I have the $N$-fold tensor product of a convex combination of a pure state, i.e. $|\psi\rangle\langle\psi|$ with $|\psi\rangle$ a unit vector in a complex Hilbert space of dimension two, and the completely mixed state $\frac{\mathrm{I}_2}{2}$, with $\mathrm{I}_2$ the identity operator in two dimensions:
$$\rho(\lambda) = \left(\lambda|\psi\rangle\langle\psi|+(1-\lambda)\frac{\mathrm{I}_2}{2}\right)^{\otimes N},\\ \mathrm{with}~\lambda \in \left(0,1\right) $$
Writing w.l.o.g. $|\psi\rangle = \begin{bmatrix} \alpha\\ \beta \end{bmatrix}$ with $\alpha,\beta \in \mathbb{C}, ~|\alpha|^2+|\beta|^2 = 1$,
$$\rho(\lambda) = \left(\begin{bmatrix} \lambda|\alpha|^2+\frac{1-\lambda}{2} & \lambda\alpha\beta^*\\ \lambda\alpha^*\beta &\lambda|\beta|^2+\frac{1-\lambda}{2} \end{bmatrix}\right)^{\otimes N}$$
For $\lambda = 0$, the dimension of all the states in the form of $\rho$ with varying $|\psi\rangle$ is $2^N$, while for $\lambda = 1$ the space of all possible $\rho$ is the totally symmetric subspace, so that the dimension is given by $N+1$. A way to formalize the dimension of some space is to calculate the (lowest possible) trace of the identity operator working on that space.
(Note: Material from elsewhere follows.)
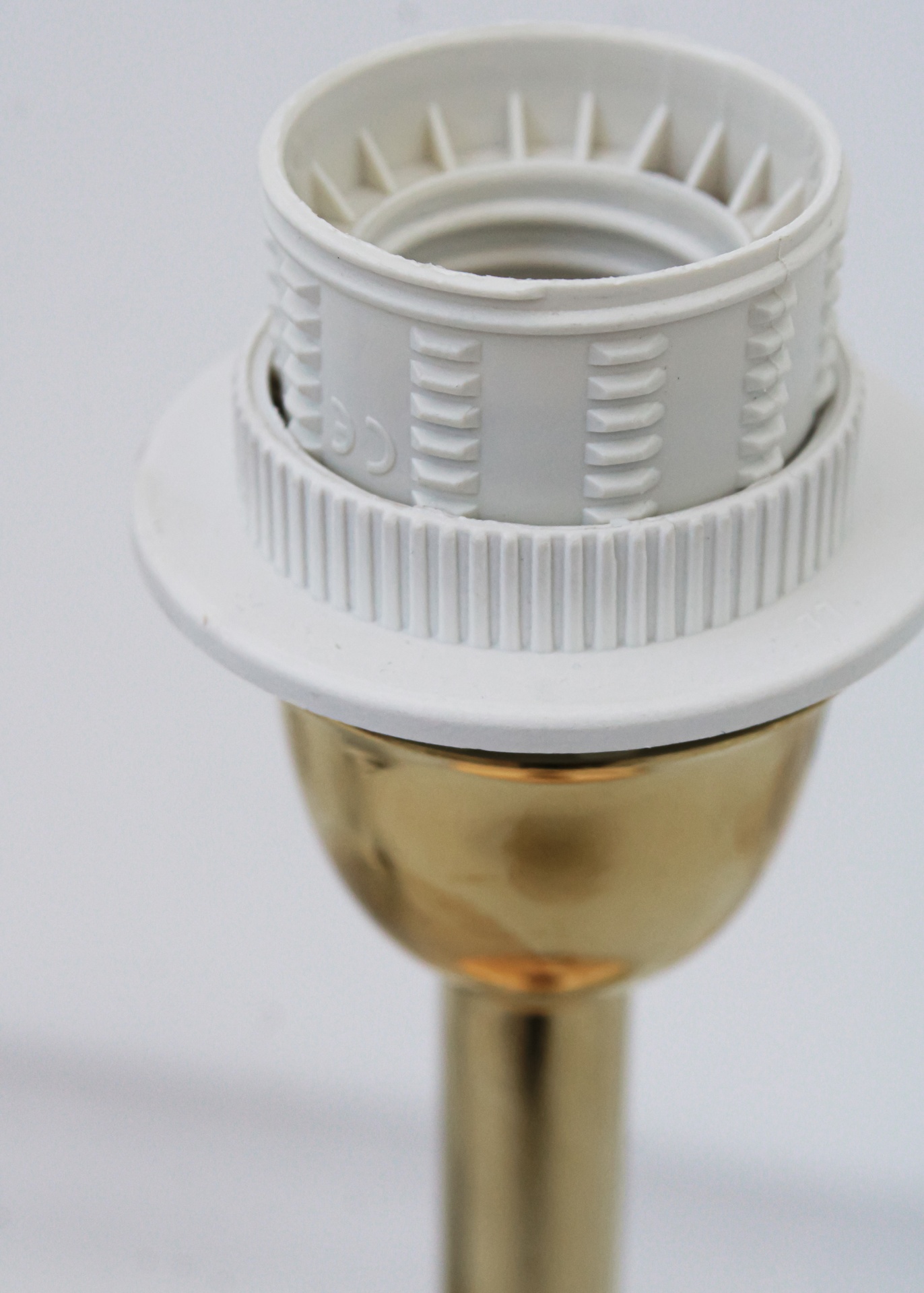 Suporte de lâmpada metálico dourado com parte superior em plástico branco texturizado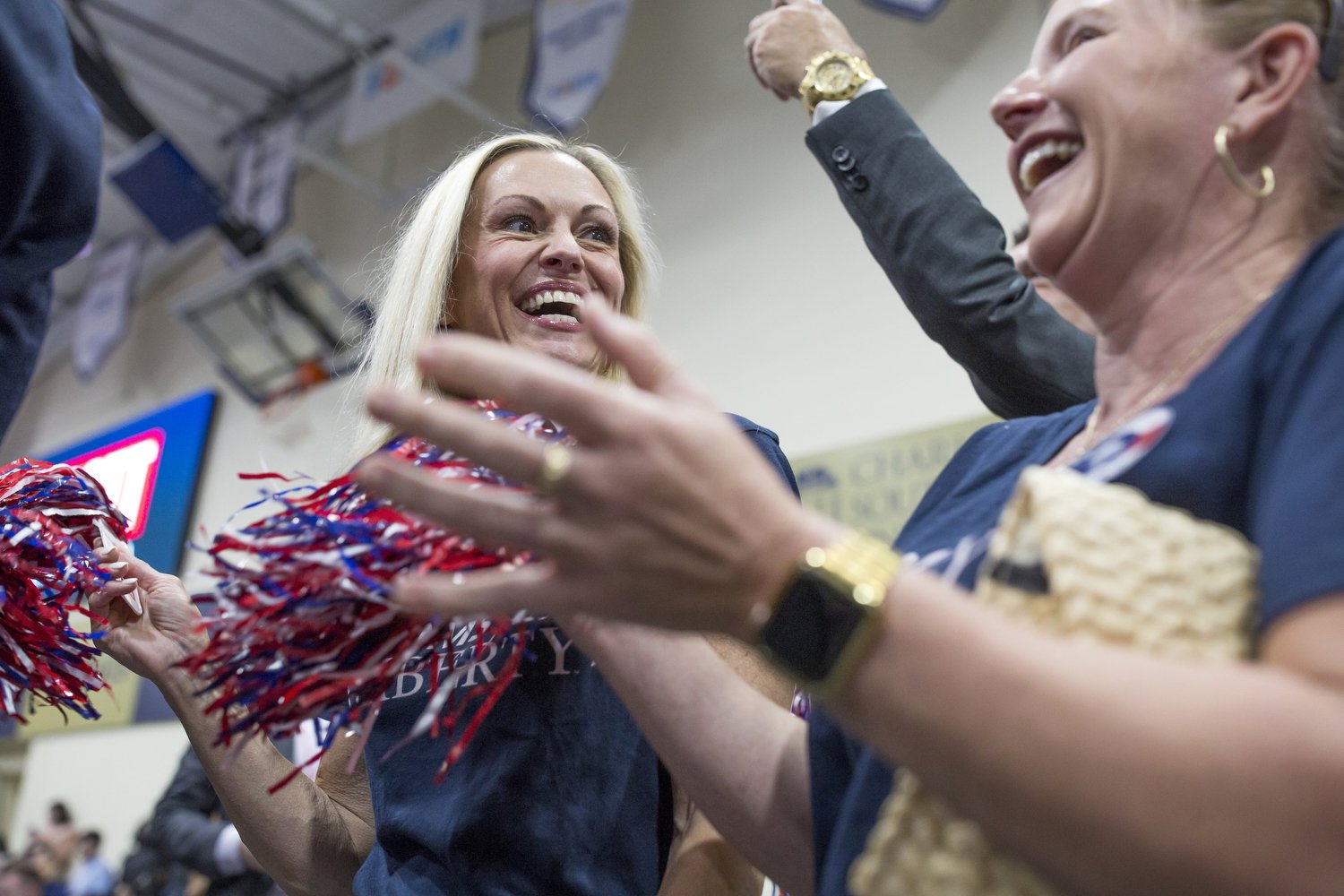  Tara Wood, left, Chair of the Charleston chapter of Moms for Liberty, and Vice Chair April Coleman, right, cheer during an event for presidential candidate Tim Scott at Charleston Southern University in Charleston, South Carolina. The Moms for Liber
For example, $N = 2, \lambda = 1$ we can write our identity operator on all states of those form as
$$ \begin{bmatrix} 1 & 0 & 0 & 0\\ 1 & \frac{1}{2} & \frac{1}{2} & 0\\ 1 & \frac{1}{2} & \frac{1}{2} & 0\\ 0 & 0 & 0 & 1\\ \end{bmatrix} $$
The trace over this operator gives $2+1 = 3$, and doing the same for $N>2$ and $\lambda = 1$ you would be always able to find some operator that acts as the identity operator on those states, where $N+1$ will be the trace over that operator. We can assign the trace of that operator to the dimension of that space (see https://en.wikipedia.org/wiki/Dimension_(vector_space)#Trace).
What can you say about the dimension for intermediate values of $\lambda$? Do you immediately lose the ability to reduce the dimension for $\lambda<1$?